Along the Ithaca front of things, I hear that we have finally gotten a new Starbucks, a fact that would excite me if it weren’t the fact that I am now boycotting Starbucks for life (how’s that for a nice transition? Ah, what can I say, I’m just Pullitzer Prize worthy author in the waiting). Now, why exactly am I protesting Starbucks? Have I gone back to my roots as a ten year old moral vegetarian, as a thirteen year old activist for recycling within our home, as a sixteen year old leader of Key Club, picking up trash on the side of the highway to improve its look? Am I protesting Starbucks’ likely use of nearly slave labor, of their raping of natural resources in poor countries, of their exploitative employment policies, of their ridiculously high prices?
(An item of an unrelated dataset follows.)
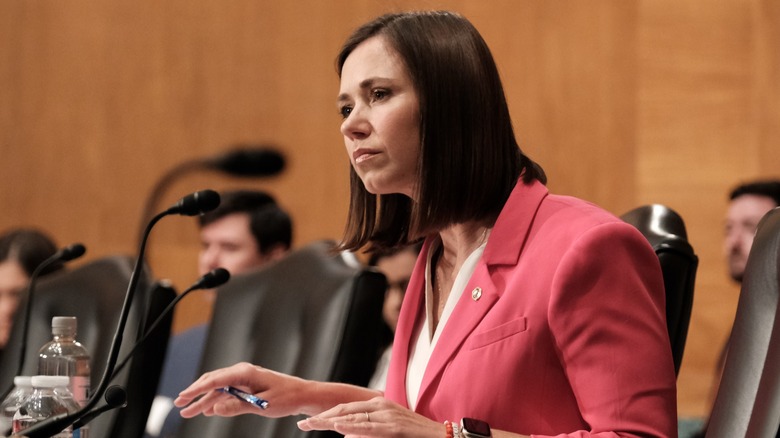 Katie Britt sitting at microphone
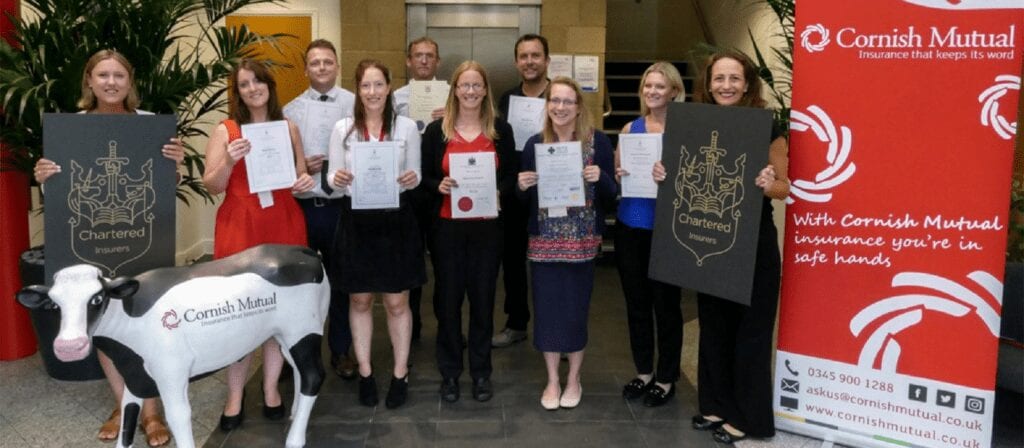A group of ten people stand indoors holding certificates, smiling at the camera. They are next to a cow statue and Cornish Mutual insurance banners. Two people hold large Chartered Insurer signs.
Nope, I am protesting Starbucks because they wouldn’t give me the drink I wanted. Imagine that! Me! Princess Leah! The girl who lives amongst the fountains! Denied of the drink she desires! Indeed, I went to a Starbucks the other week and asked for a New York Princess drink, a blended iced skim latte, which sounds fancy and ridiculous, but which is, in all reality, simply iced coffee with skim milk put into the blender. I was informed by the manager that it is against company policy to make this drink and that I could instead have a frapuccinno, and when I told them I had consumed this drink at this very establishment before, they told me that was against their rules and they would look into who made that drink! Well, I (Princess that I am!) was not about to have this, so I complained to the corporate offices that I should be able to have the drink I want rather than being forced to buy their unhealthy and more expensive frapuccinnos which are loaded with sugar. In addition, in a fit of entitlement and dramatics, I may have in fact also argued (eloquently!), “If I were a diabetic, should I not be able to buy myself a cold blended drink without going into diabetic shock from the sugar of the only blended drink you have available?” The corporate office took a week to respond with a typical corporate doublespeak line, “We feel that the blending of our coffee drinks leads to a degradation in their quality” (which makes ABSOLUTELY no sense because a frapuccinno has coffee in it as well, and they’ll blend that and then charge you £3 for it!). So I promptly wrote back and informed them that fine, if that was there policy then I would go visit any number of their competitors that WOULD make me the drink I wanted and would never return to a Starbucks until they made the drink that I, as a customer, desired, rather than being forced to pay a ridiculous price for something unhealthy that I didn’t want. And I would tell all my friends to do the same! HRMPH! FEEL THE SNOBBY BURSTS OF ENTITLEMENT WAFTING FORTH FROM A PRINCESS’ BLOG!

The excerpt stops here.